Friday, January 10, 2014

Judging a Book By Its Cover

10th January 2014



If you can't judge a book by its cover, then you won't be able to tell how good my story is from looking at the images below. But just for curiosity's sake, here's the final cover, back and front, for "Veil of Time."

My editor and I struggled over the back cover blurb till each of us was ready for a divorce (the only time we even came close!), but I think it came out pretty well. My part of the struggle was to keep the hyperbole on the ground, and hers understandably was to fit the book into a marketable niche.  I wouldn't have advertised the fact that my hero, Fergus, is a prince, though he technically is.  It's just that he is not a prince of the white charger stamp. I let it go. Why fight it - we are all in the same game at this point of trying to get as many books out into the world as possible, Scottish princes notwithstanding.
The photograph of yours trully is not the greatest, but that is my fault for not having a good enough one on hand (despite years of fantasizing about having my face on a published novel!)  I have promised myself that for the next book I will shell out proper money for a professional picture.
In retrospect I regret not having mentioned that I also spent four years at Edinburgh University - I was trying to be concise, and I knew Oxford carried more weight, but Edinburgh is my true alma mater (in more than one way, since I was born in that city) and the place I earned my MA (in philosophy.) So let it go on record: I didn't mean to shove it aside.
I do like the fact that the designer repeated the landscape on the back cover. I like to think that if you made an image of me with the right kind of contraption honing in on a specific type of energy wave, you would find Scotland etched on my skin. It's not far beneath the surface. This scene is not of Dunadd and could be of the farthest reaches of Argyll, but it is a bleaker landscape than is typical of my native soil. Dunadd is heavy with bracken and oak forest (at least it was in its original state, and that's the way they're letting it return.)

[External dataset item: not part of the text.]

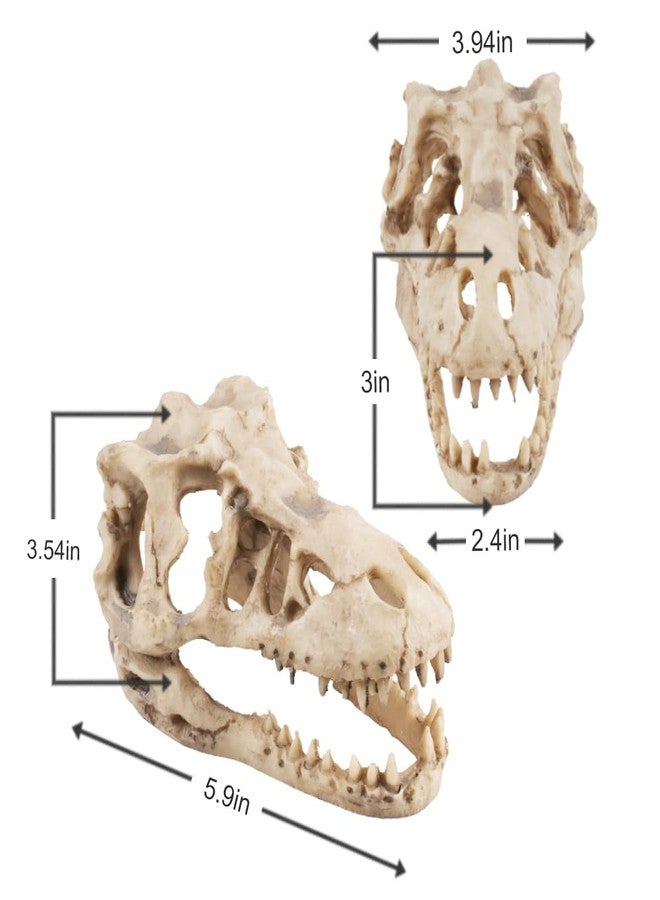 VibeNest Dinosaur Skull Aquarium Decoration - Natural Fish Tank Hideaway Cave, 6.3"x4"x4” Resin Ornament for Freshwater Tanks (6.3") - Image 5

In other developments, I was sent the "Buy Buttons" to put up on my website (once again I was indebted to a techno-savvy teenager!) Now you can buy my book from a number of booksellers, some of which I hadn't even heard of.  Also, I have been invited to speak at Boston's Writer's Conference, The Muse and The Marketplace in May. It's a big bustling event with 100 faculty and 600 students. Now all I have to do is rip my heart out, squeeze it dry in front of my audience, then replace, still beating, back it in my chest. It might not be as traumatic as that, but this is what comes to mind when I think of the "performance." Being a shy Scottish lass, public speaking is close to harikari on my list of dreads. And yet, and yet. My father was a great public speaker, made his living from it, as a matter of fact. So maybe there is some hidden potential there in my make-up cowering in the dank cave of my insecurity, listening to the hours, days and weeks dripping from here to there like running stalactites. Maybe I will rise to the occasion. Who knows? Things are going to have to change from here on out. Maybe this public life is my new era. Maybe there was a lot more involved in this writing life than I counted on when I set out.